• [DATASET SECTION]

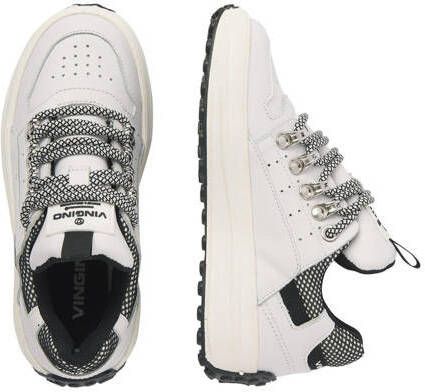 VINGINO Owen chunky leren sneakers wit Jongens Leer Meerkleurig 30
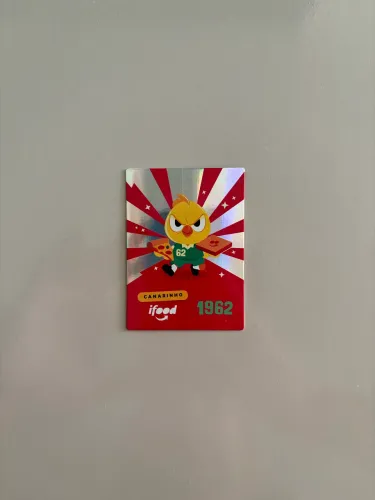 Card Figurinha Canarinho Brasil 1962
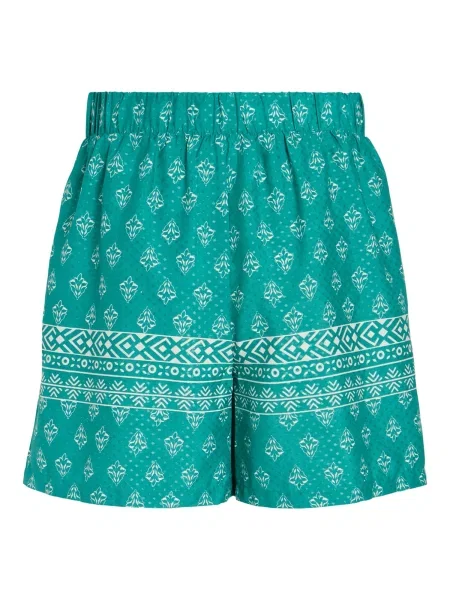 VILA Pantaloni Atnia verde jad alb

• [TASK DETAILS] Your copy must repeat the data word for word and show none of its images.

• [TASK RESULT]
 VINGINO Owen chunky leren sneakers wit Jongens Leer Meerkleurig 30
 Card Figurinha Canarinho Brasil 1962
 VILA Pantaloni Atnia verde jad alb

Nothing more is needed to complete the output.